Partial validation & tying additional validations to partial validations

andrewdeandrade commented 10 years ago

I'm still pretty new to JSON schema, but looking around at the other JSON Schema validation libraries out there, I have yet to find one that will support my use case. However judging by the z-schema API, it appears that you may be the most open to the ideas I have in mind were I to fork and submit pull requests.

Basically, I'm looking to add support for two features:

(1) the ability to register additional non-JSON-schema validations. For example, when validating an npm package.json file, it's easy to define a validation that checks if a string is a valid path. However, I would also like to be able to register a validation that checks if those paths actually exist on disk relative to the location of the package.json file itself. Another example would be checking if a homepage URL doesn't return a 404 not found error.

I reckon this feature would be implementable by allowing you to register pre and post validation functions that receive the value of the property being validated and returning true if additional validations succeed or errors otherwise. These functions would need access to the context in which they are called (so that they can get access via closures to details such as the directory in which a package.json exists).

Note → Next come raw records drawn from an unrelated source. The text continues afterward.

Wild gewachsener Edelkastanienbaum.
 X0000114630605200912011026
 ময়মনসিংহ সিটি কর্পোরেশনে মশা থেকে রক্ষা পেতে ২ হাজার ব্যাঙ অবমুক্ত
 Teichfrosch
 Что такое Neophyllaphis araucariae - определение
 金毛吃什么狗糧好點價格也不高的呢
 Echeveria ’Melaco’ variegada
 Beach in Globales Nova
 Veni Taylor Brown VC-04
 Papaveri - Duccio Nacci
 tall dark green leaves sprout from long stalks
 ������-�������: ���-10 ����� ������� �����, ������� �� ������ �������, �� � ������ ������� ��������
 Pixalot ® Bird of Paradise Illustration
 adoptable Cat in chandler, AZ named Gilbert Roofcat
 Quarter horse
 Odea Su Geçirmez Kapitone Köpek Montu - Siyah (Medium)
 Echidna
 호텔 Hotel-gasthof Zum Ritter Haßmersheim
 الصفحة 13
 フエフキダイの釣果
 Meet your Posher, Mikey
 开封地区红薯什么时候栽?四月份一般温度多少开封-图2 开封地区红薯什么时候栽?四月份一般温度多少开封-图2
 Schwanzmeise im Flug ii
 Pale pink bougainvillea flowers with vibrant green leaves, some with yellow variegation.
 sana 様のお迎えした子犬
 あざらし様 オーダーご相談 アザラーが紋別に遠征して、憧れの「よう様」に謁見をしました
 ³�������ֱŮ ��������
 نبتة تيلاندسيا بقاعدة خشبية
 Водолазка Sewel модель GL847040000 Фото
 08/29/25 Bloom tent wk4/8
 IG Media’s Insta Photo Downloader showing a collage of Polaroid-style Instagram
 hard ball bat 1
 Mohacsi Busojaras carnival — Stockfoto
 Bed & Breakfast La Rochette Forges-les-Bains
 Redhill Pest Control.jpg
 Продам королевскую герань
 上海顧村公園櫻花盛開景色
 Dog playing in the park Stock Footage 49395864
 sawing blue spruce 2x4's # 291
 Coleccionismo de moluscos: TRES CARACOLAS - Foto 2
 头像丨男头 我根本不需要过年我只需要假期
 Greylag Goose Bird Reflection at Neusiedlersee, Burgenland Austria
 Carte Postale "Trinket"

(2) partial validation for performance reasons. For example, if I have already loaded a JSON into memory and validated it on load, I don't want to completely revalidate it on write. Instead I'd like the ability to only validate the properties that I am modifying.

validator.validate(partialJSON, "lib://package.json#/definitions/dependency-map", function(err, result) {
  if (err) { /* ..  handle err ... */ }
  /* ... add partialJSON to full JSON and write to disk ... */
});

or alternatively schemas could have method support for getting definitions, like so:

compiledSchema.getDefinition("dependency-map")

or a validatePartial method could be added to ZSchema like so:

validator.validate(partialJSON, schema, definitionName, function(err, result) {
  if (err) { /* ..  handle err ... */ }
  /* ... add partialJSON to full JSON and write to disk ... */
});

For this second feature the following features would be valuable:

Referencing schemas by URI or filepath directly (internally, z-schema would load and parse the schema into JSON)
resolveSchemaQuery falls back to checking the ZSchema instance schemaCache ( proof of concept: https://github.com/malandrew/z-schema/tree/resolveSchemaQuery-schemaCache-fallback )

As far as I can tell, suggestion two seems reasonable, but the first suggestion might be better as a separate module built on top of your validator or another one. However, to build feature (1) on top, it would be immensely useful to have partial validation.

I just started looking through the source and I'm still thinking through how these might be implementable, but I wanted to get your thoughts on them. Would you be open to accepting pull requests for these features?

zaggino commented 10 years ago

With (2) you probably found a bug in the implementation, because schemaCache should have been used in the place where you put it, but somewhere I've forgotten to do that. This would make a good PR if none of the tests are failing.

(1) looks like a good candidate for API enhancements - you can already use format attribute and define your own sync and async formats. You should explore what is and isn't possible there but I can imagine that your result schema would be something like:

{
    type: "string",
    format: "existOnDisk"
}

andrewdeandrade commented 10 years ago

There is one failing test in my branch. The arity of resolveSchemaQuery is now at 6 which is not allowed under the current JSHint rules. Either the rule needs to be relaxed or the function signature needs to be modified to collapse multiple lesser used arguments into one object.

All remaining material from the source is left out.